Extracted data entries:

>>

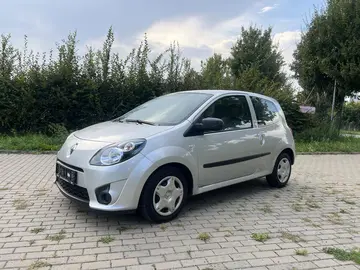 Renault Twingo, 1.2 Authentique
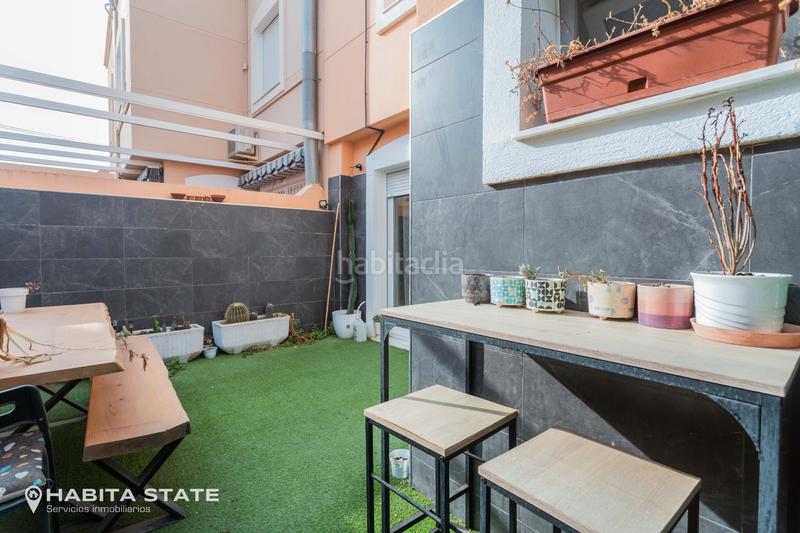 Foto 6ff86abf-0228-4547-8eb7-5fb450e96427. Maison jumelée avec chauffage dans Huércal de Almería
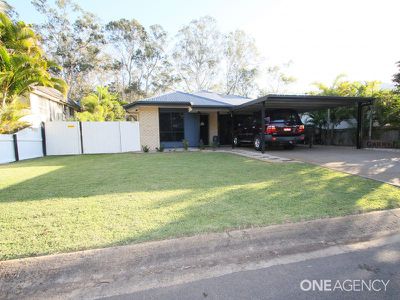19 Shellcot Street, Toogoom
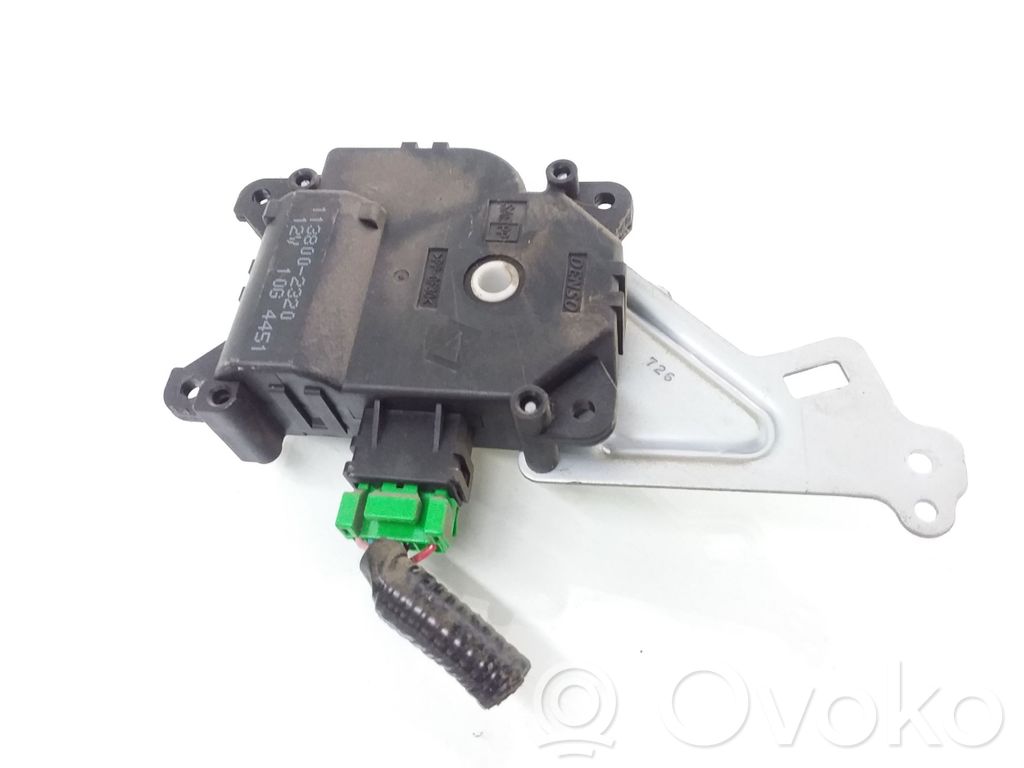 Honda Civic Motor/actuator clapetă aer 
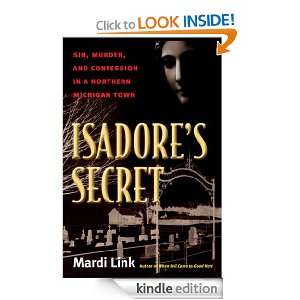 Isadores Secret Mardi Link  Kindle Store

<<

> **Task details**:
Leaving pictures aside, give again word for word each line from the one with "Foto 6ff86abf-0228-4547-8eb7-5fb450e96427. Maison" to the final line of the entries.

> **Result**:
 Foto 6ff86abf-0228-4547-8eb7-5fb450e96427. Maison jumelée avec chauffage dans Huércal de Almería
19 Shellcot Street, Toogoom
 Honda Civic Motor/actuator clapetă aer 
 Isadores Secret Mardi Link  Kindle Store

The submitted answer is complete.